How do I assess the quality of my external IT supplier?

Given the extent to which companies are contracting out their IT organisation to other parties, outsourcing appears to be making a comeback. But migrating your IT infrastructure and management of the cloud or another party remains a hot topic.

In the outsourcing procedure you lay down your criteria for the quality to be delivered by the other party. We have to do this, because otherwise the supplier will rest on his laurels, which is the last thing we want. So, we’ve got our criteria, but who’s going to monitor them and how transparent are the figures?


An interesting subject to take a look at today.

As I mentioned above, the concept of outsourcing has changed a fair bit since the emergence of the cloud. We now have different levels of outsourcing.

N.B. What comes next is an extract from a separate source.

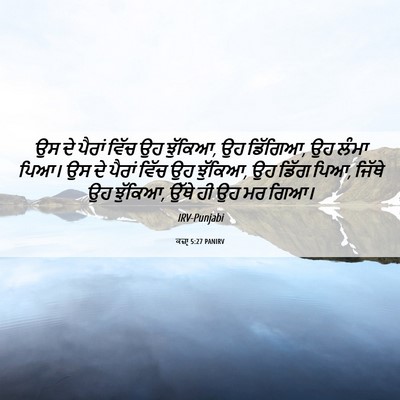Picture 06 - ਕਜ਼ਾૃ 5:27 PANIRV - ਉਸ ਦੇ ਪੈਰਾਂ ਵਿੱਚ ਉਹ - Bible Verse Picture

  1. The IT infrastructure runs at the supplier’s premises but you remain responsible for the architecture, implementation and management. You also have the applications managed by your own people. (IaaS)
  2. The IT infrastructure runs at the supplier’s premises and the supplier is responsible for the architecture, implementation and management. You have the applications managed by your own people. (PaaS)
  3. Both the IT infrastructure and the applications are the responsibility of the supplier. It makes no difference how everything has been designed. (SaaS)

The monitoring process is different for each of the three variants. What I regard as being most important here is

  • to have all of the variants assessed by an independent party or by your own organisation. Under no circumstances should this be done by the supplier.
  • All of the assessments are carried out from the end-user’s perspective. The best measure of the supplier’s quality is the performance and availability that you as the buyer receive.

We can use the following solutions for the three variants. I’ve based this on pure SLA monitoring but also on the four data sets; wire, machine, agent and synthetic.

Variant 1 – Infrastructure-as-a-Service

The supplier is solely responsible for providing the hardware. You are responsible for its content. You will usually be responsible for everything from the virtualisation level onwards.

In that case, the best way to monitor the supplier’s service is to place the monitoring process at virtualisation level. Splunk, for instance, has a superb VMWare app that provides you with all the information you need. I can well imagine that the supplier will not in all cases be willing to allow this. It will mean that he has to be transparent about the service he provides and it might be possible to pass on the monitoring data that he generates to your own Splunk implementation in order to draw up the right reports yourself.

Monitoring from infrastructure level is entirely your responsibility, so you can decide for yourself which tool to choose to cover four data sets. A synthetic solution remains desirable but cannot be used in respect of the supplier because he’ll always say that there are other links between what he provides and the end-user and that he is not responsible for them.

Variant 2 – Platform-as-a-Service

In this variant the supplier is responsible up to OS level. From that point onwards you are the owner who implements and manages the applications. In some cases the OS is also shielded and you are only able to implement the applications.

Monitoring the supplier’s service directly affects the performance and availability of your applications, and for that reason it’s advisable to implement a synthetic monitor. You can supplement this with a process that monitors the availability of the OS if you are able to influence this. In this case a simple Ping monitor will suffice.

You can synthetically add agent or machine data in order to cover all of the data sets. Wire data is an attractive option in the application area, but not at infrastructure level. To do this you will need to know a lot about how the infrastructure is set up, and that’s precisely what you wanted to outsource.

Variant 3 – Software-as-a-Service

The supplier arranges everything. You are only the user of the application that you want to buy. The supplier will usually have published his own SLA, but how transparent is it?

The best bet here is to chose a synthetic solution yourself and have it assessed independently. Use these figures to check the quality of the service and to confront the supplier with results other than what have been agreed.

To conclude

Outsourcing is based on trust but to many companies IT is a matter of life or death: it’s importance is inestimable. You want to avoid a situation where finger-pointing starts between you and the supplier if faults occur. Make sure that you give careful thought to monitoring quality also during the implementation of the outsourcing.

How have you experienced this as a user? How do you monitor your outsourcing contracts, and what were your experiences with an outsourcing party? I’d like to hear your experiences – I can learn from them too :-).